There is a damp spot on your shoulder. There is an overdraft on your checking account. She is standing in the loading dock smoking a cigarette and watching herself in a pocket mirror. A homeless guy is digging in the garbage for a cup to piss into. Buses are pulling out of the lot at 8th and Folsom, charging downtown in a roaring herd.

I'm pretty sure that this doesn't mean that much. We eat the doughnut and long for the hole.

2.06.2010

A bead of water rolls down the silver steel sink, drops to the black lip of the Insinkerator, and then out of sight. The refrigerator's exhaust fans kicks on. Coffee is cooling in the glass in my hands and I am working both ends of a conversation that has happened before and I suspect nothing very good will come from it.

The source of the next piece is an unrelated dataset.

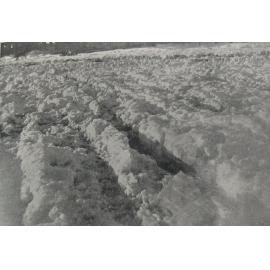 Snow on the Coalgate road four days after the storm, 1918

In 15 minutes I will be at the bus stop at the bottom of the hill. A woman waiting there is wearing rubber boots that come up to her knees. She must be expecting something I don't know about.

2.03.2010

And just like that it's spring. It's stopped raining, the air is clear. One side of the block smells like wild onions, the other of fluffy vanilla narcissus. The neighbors have let their clover go wild and it's a tangle of acid green and furled flowers. One cherry tree can't wait to get on with it and it has blossomed already.

The boy wants to tell me about the oldest survivor of the Crimean War, a tortoise the British took into battle as a mascot. We had an entire evening's adventure around a doorknob. I think it left me more invigorated then did him, but perhaps he knows more now about the secret lives of things we touch every day but do not notice.

I think the faucet is next, and the woodland strawberries.